Fasten gear into the boat, and always plan for the possibility of capsizing and getting wet.

Know that the steering is done from the stern (back) and the bow (front) paddler provides power.

Know that normal stern strokes on the right will turn the boat left, and vice-versa.

Look far ahead, and move the canoe to the proper river position long before passing an obstacle.

Keep maneuvering room between your boat and others.

If in doubt about paddling safely past an obstacle, go to shore and portage around it.

Know where your trip ends, and some landmarks along the way.


If you swamp your canoe, first make sure all canoeists are safe. Then make sure you do not lose the canoe or paddles -since they are your means of return. Last, recover other gear.

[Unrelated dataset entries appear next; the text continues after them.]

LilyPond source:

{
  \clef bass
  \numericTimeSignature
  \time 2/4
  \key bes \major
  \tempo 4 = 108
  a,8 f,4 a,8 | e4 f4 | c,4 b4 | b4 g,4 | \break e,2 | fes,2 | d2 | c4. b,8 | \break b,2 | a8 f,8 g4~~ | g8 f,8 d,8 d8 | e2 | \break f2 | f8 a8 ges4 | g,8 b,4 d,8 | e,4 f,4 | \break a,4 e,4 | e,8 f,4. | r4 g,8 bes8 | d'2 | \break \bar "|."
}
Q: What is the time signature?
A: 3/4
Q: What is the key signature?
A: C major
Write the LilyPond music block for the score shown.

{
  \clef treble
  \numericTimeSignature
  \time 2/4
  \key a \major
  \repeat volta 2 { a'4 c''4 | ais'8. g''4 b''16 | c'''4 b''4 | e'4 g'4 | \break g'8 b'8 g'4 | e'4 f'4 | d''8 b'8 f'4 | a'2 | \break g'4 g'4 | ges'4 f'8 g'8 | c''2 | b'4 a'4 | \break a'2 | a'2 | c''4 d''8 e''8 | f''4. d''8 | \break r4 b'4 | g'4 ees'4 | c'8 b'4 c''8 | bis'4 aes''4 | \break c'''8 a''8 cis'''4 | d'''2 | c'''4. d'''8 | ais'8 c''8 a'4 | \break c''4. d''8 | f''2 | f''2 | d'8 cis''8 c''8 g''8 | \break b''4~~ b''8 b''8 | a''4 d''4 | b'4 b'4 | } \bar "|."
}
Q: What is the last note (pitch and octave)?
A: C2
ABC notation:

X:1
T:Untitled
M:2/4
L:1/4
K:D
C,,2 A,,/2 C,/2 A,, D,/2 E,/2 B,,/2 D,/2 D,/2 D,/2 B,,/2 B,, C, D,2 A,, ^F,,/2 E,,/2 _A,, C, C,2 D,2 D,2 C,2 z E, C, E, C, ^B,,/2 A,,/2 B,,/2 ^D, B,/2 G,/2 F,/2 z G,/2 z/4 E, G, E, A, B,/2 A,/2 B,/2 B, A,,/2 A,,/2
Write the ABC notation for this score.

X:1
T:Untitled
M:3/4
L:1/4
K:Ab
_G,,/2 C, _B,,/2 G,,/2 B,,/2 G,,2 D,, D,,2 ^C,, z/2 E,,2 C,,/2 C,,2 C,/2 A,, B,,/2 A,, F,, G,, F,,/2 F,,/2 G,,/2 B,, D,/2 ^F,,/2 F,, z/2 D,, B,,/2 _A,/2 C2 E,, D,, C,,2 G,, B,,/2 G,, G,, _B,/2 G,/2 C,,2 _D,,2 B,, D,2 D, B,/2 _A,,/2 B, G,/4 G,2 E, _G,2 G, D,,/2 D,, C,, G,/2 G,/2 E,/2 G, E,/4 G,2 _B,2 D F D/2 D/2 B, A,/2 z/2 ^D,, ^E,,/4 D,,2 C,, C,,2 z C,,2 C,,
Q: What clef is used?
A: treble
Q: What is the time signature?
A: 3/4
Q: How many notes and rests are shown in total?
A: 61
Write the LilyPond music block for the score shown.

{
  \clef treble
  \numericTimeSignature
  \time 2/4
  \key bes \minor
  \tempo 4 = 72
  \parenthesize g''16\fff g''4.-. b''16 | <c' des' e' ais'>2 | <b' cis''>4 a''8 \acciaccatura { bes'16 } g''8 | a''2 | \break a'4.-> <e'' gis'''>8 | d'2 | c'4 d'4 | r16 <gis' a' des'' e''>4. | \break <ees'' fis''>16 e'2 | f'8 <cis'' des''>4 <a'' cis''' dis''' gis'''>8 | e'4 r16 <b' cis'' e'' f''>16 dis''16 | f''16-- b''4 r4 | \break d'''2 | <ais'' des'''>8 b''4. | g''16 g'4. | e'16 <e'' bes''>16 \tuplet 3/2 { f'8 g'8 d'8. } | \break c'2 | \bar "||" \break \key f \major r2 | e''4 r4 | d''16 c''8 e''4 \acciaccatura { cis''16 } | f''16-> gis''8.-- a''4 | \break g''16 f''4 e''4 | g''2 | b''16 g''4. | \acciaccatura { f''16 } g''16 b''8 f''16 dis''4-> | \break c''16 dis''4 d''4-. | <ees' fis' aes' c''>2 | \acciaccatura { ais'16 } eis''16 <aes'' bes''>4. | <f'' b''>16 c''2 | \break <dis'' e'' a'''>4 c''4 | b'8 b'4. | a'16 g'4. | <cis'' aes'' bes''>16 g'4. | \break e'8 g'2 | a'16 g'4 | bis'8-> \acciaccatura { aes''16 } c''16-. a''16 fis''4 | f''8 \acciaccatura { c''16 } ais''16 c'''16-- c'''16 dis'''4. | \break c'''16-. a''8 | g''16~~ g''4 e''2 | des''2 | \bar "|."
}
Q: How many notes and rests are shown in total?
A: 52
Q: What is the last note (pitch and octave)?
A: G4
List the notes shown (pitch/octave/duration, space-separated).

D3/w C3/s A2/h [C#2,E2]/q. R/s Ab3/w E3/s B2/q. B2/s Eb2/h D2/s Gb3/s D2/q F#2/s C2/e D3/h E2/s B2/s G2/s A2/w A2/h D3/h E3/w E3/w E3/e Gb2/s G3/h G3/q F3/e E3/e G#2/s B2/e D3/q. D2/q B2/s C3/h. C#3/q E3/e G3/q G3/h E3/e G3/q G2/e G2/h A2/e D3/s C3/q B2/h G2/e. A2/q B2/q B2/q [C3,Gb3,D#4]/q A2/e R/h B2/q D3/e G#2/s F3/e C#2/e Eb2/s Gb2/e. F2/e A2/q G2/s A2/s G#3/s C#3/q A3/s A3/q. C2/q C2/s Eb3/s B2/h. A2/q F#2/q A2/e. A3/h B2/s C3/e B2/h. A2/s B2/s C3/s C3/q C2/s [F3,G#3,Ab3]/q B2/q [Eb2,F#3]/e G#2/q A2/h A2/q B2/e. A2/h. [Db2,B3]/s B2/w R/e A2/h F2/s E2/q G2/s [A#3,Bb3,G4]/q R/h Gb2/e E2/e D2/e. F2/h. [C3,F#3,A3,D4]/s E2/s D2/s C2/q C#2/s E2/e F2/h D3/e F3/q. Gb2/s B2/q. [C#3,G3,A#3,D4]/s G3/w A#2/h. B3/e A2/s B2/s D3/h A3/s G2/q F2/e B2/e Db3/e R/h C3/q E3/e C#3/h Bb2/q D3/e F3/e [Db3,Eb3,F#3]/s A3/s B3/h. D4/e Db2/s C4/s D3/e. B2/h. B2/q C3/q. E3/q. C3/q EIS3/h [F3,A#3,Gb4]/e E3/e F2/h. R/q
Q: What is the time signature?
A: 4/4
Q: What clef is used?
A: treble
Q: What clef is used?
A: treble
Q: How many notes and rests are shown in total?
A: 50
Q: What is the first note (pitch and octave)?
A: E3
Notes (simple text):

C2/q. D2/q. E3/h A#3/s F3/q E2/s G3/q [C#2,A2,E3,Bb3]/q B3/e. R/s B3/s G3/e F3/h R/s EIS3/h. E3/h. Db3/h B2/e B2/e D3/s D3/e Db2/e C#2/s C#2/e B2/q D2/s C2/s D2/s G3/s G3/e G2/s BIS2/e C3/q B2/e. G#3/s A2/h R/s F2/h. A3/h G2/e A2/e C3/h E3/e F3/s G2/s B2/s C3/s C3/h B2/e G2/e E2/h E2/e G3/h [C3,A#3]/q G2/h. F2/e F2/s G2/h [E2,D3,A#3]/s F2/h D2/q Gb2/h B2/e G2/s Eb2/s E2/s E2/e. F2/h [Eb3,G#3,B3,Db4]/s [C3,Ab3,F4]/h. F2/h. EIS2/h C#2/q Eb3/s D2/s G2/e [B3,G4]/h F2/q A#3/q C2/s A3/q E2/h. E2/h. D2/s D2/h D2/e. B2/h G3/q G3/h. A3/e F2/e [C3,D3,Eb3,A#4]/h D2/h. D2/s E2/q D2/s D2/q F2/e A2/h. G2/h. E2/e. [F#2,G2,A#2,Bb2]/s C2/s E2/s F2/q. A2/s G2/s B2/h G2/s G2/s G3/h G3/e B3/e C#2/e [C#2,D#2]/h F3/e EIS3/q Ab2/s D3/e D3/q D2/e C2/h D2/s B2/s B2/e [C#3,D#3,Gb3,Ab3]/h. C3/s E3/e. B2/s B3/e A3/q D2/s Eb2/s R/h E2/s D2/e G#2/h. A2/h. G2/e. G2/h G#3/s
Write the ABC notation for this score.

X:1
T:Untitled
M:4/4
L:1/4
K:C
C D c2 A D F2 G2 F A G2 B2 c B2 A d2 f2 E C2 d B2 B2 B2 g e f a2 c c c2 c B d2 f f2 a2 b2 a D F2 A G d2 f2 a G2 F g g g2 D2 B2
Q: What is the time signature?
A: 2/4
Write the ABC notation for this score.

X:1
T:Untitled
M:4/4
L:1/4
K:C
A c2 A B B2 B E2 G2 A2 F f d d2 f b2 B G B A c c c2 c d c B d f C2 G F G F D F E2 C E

A canoe full of water weighs more than a car, but will still float. Maneuver the boat to shallow water. Never get it into water immediately upstream of an obstacle. You must roll the flooded canoe onto its side in shallow water, then slowly lift to allow water to run out. When enough water is out, try to pull the boat onto the shore. Once completely emptied by turning the canoe upside down on land, put the canoe back into the river, load up your gear, and continue down the river.


Always honestly evaluate your river skills before beginning a trip. If you have started and you find the conditions become more than you wish to handle, paddle or float to the nearest river-access point, get yourself and your gear well out of the river, and get help.

If you do get into a hazardous river situation that you are unable to solve by yourself, each canoe has our name and phone number attached to it. If you can access a phone in the event of an emergency, call first. further instructions and contact the appropriate emergency services for you. If you have no phone, notify any passing boater to let us know of your situation.


We encourage you to stop at sandbars to have a picnic lunch, to trade places in the canoe, or just to take a break from paddling. If you do make such stops along this federally protected riverway, make sure you take nothing but pictures and leave nothing but footprints.